- **Action item**
Every line of the listing that holds the word "Flower" should be returned.

- **Records for this exercise**
•••

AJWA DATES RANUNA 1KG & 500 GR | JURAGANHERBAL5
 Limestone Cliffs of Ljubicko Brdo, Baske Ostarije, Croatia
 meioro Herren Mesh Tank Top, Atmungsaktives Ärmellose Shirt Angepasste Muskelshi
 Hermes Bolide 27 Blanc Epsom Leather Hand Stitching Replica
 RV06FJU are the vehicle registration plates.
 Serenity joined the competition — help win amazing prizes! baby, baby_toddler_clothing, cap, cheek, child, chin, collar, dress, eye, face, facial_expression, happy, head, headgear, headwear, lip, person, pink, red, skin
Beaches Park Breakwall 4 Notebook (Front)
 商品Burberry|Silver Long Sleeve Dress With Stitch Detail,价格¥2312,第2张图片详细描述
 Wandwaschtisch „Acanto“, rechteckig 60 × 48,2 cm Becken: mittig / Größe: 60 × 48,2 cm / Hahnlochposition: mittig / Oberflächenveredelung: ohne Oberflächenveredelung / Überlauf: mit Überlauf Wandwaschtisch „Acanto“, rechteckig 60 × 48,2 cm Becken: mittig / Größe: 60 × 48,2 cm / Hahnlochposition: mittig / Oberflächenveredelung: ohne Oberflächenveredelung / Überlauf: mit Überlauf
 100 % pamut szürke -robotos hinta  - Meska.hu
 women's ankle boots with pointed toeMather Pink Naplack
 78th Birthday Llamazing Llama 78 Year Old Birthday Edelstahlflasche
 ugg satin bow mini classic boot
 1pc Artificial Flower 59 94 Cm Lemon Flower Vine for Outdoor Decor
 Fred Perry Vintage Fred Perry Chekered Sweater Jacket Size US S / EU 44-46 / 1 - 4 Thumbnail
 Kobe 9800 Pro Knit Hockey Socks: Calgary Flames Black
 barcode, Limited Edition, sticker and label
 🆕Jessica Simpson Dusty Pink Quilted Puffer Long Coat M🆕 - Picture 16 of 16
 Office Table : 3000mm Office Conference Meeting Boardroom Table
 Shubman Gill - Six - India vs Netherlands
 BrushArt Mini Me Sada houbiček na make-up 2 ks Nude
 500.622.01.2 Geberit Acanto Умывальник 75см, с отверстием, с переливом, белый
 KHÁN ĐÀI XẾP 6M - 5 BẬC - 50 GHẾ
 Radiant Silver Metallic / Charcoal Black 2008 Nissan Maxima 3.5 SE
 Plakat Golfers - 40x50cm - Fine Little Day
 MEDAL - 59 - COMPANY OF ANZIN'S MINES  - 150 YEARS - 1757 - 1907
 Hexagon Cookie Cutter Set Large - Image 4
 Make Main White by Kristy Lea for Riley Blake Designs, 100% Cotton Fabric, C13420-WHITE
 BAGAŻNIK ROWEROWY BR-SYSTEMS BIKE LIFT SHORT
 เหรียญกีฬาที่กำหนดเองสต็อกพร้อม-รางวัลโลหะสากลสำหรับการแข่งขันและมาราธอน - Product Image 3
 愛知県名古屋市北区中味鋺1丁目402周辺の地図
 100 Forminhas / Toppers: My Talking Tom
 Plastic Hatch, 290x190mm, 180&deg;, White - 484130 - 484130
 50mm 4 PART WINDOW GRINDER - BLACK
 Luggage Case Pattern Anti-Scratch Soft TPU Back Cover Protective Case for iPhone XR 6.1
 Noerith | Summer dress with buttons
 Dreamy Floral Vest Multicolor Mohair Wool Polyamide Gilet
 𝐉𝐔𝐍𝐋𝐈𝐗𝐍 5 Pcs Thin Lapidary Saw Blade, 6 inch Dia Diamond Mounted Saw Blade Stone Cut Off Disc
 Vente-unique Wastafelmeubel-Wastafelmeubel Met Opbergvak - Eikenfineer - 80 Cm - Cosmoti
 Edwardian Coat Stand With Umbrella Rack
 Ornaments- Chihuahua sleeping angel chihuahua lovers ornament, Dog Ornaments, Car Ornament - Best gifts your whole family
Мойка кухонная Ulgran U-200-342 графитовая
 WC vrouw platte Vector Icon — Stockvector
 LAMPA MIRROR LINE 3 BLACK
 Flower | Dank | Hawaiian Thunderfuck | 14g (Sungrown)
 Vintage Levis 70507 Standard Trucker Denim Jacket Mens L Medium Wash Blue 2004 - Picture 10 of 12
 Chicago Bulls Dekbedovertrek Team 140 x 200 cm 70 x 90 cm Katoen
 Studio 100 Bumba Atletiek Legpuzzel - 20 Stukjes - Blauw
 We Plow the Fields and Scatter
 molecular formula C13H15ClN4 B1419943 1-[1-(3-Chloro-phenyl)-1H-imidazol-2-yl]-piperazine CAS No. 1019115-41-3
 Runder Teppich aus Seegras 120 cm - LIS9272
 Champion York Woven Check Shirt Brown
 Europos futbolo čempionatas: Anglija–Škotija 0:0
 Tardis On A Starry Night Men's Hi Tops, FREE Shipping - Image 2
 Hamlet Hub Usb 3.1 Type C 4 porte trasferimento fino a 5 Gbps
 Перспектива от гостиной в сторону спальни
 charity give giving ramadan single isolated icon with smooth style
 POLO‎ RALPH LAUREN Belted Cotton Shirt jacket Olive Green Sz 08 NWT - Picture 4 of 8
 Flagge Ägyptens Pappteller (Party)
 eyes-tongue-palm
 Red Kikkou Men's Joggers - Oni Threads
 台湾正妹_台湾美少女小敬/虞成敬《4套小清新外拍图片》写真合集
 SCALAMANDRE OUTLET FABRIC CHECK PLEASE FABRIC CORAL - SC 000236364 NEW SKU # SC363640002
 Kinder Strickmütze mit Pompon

•••

- **Result for this exercise**
 1pc Artificial Flower 59 94 Cm Lemon Flower Vine for Outdoor Decor
 Flower | Dank | Hawaiian Thunderfuck | 14g (Sungrown)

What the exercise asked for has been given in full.